A number of countries have recently provided estimates of the revenue forgone due to R&D tax incentives (OECD, 2007d). Most countries estimate the cost at around 0.03% to 0.05% of GDP (e.g. Australia, France, Ireland, Mexico, Portugal, Spain, United Kingdom, United States), though some report higher numbers (e.g. Canada with 0.2% of GDP).

(21.) This is supported by Lach (2002) showing for Israeli firms that government subsidies have a significant positive impact on company financed R&D expenditures for small firms, but no effect on expenditures by large firms.

(22.) Spitz (2003) provides evidence for Germany that the technological features of computer technologies shift the relative skill requirements of occupations towards analytical and interactive activities for which employees with higher educational attainment have comparative advantages.

(23.) The in-depth chapter of the previous Survey (OECD, 2008) provides a thorough discussion of the challenges of the German education system, looking also at childhood care and education as well as at primary and secondary school education.

(24.) As the productivity-adjusted capital-labour-ratio remains constant over time irrespective of fluctuations in labour supply (Brucker and Jahn, 2009; Ottaviano and Peri, 2006), demographic change does not necessarily lead to labour shortages or a drop in unemployment. However, as the age cohorts that will quit the labour force in the coming years are relatively well educated, there will be a lack of skilled labour (and an oversupply of less skilled labour). The Centre for European Economic Research is forecasting a shortage of between 180 000 and 490 000 skilled persons, resulting from ageing and structural change, for the year 2014 (Egeln et al., 2007). See also Bonin et al. (2007), Fuchs and Reinberg (2007), Schnur and Zika (2007) and Biersack et al. (2008) for a discussion of this issue.

(25.) With the number of youth projected to decline by one third by 2050, the tertiary graduation rate has to increase by about 12 percentage points merely to keep the number of university graduates constant (Fuchs and Weber, 2007).

(26.) 5A programmes are largely theoretically based and are intended to provide sufficient qualifications for gaining entry into advanced research programmes and professions with high skills requirements whereas SB programmes are generally more practical/technical/ occupationally specific than ISCED 5A programmes.

(27.) An allgemeine Hochschulreife (Abitur) provides admission to all subjects at all higher education institutions and a Fachhochschulreife provides admission to universities of applied sciences. In addition, a fachgebundene Hochschulreife entitles the holder to study particular subjects at a higher education institution. For a detailed overview on the German education system see Annex 4.A1 of OECD (2008).

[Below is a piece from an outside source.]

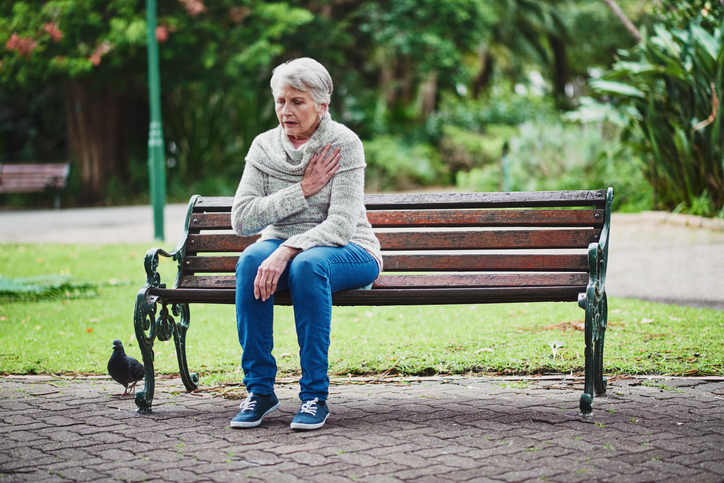 Eine ältere Frau sitzt auf einer Bank und hat Herzprobleme.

(28.) As stressed by Meier and Schutz (2007), tracking decisions at a young age involve a higher risk of making a mistake in measureing true ability (and hence of sending a child to the wrong track) because ability is revealed only gradually and because younger students show stronger differences in maturity.

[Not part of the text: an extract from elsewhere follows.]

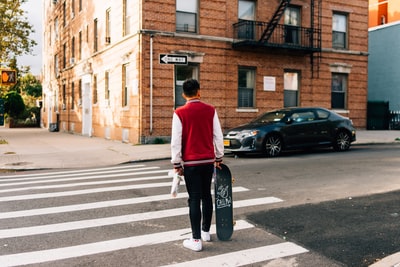 The man in red and white long sleeve shirt and black trousers walk on the sidewalk in the parade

(29.) Numerus clausus restrictions limit the number of students admitted for study, normally by requiring a minimum average mark in the upper-secondary graduation exam (Abitur).

(30.) Empirical evidence suggests that any negative effects of tuition fees on enrolment can be fully offset by improvements of financial aid schemes (Santiago et al., 2008; Heller, 1999).

(31.) This comparison does not yet take into account the Hartz reforms which should have raised the net wage premium somewhat as tertiary graduates have a lower risk of unemployment than other groups.

(32.) For an in-depth survey of the German VET system see Hoeckel (2010).

(33.) The dual system and the full-time school system are complemented by the so-called transition system which provides basic vocational training without leading to a recognized vocational qualification (it is meant for school leavers from general education schools who cannot immediately find a place in the dual system or the full-time school system).

(34.) Since the 2005 reform of the Vocational Education and Training Act (Berufsbildungsgesetz, BBiG), VET graduates may request that the results of the school exam are shown in the final VET certificate.

(35.) Also before this reform, pathways to university education existed for individuals with a professional qualification, though the precise rules differed across Lander. The major achievement of the recent reform was thus the introduction of a harmonized set of university entry requirements based on professional qualification that is applicable in all Lander. In addition to these common pathways, the Lander are allowed to have Lander-specific pathways which have to be accepted by the remaining Lander after one year of successful study.

(36.) Formal education corresponds to education and training in the regular system of schools, universities and colleges; non-formal education includes all types of taught learning activities which are not part of a formal education programme; informal learning corresponds to self-learning which is not part of either formal nor non-formal education and training, by using printed material, computer or web based learning, educational broadcasting, audio or videotapes, or by visiting facilities aimed at transmitting educational content (e.g. libraries).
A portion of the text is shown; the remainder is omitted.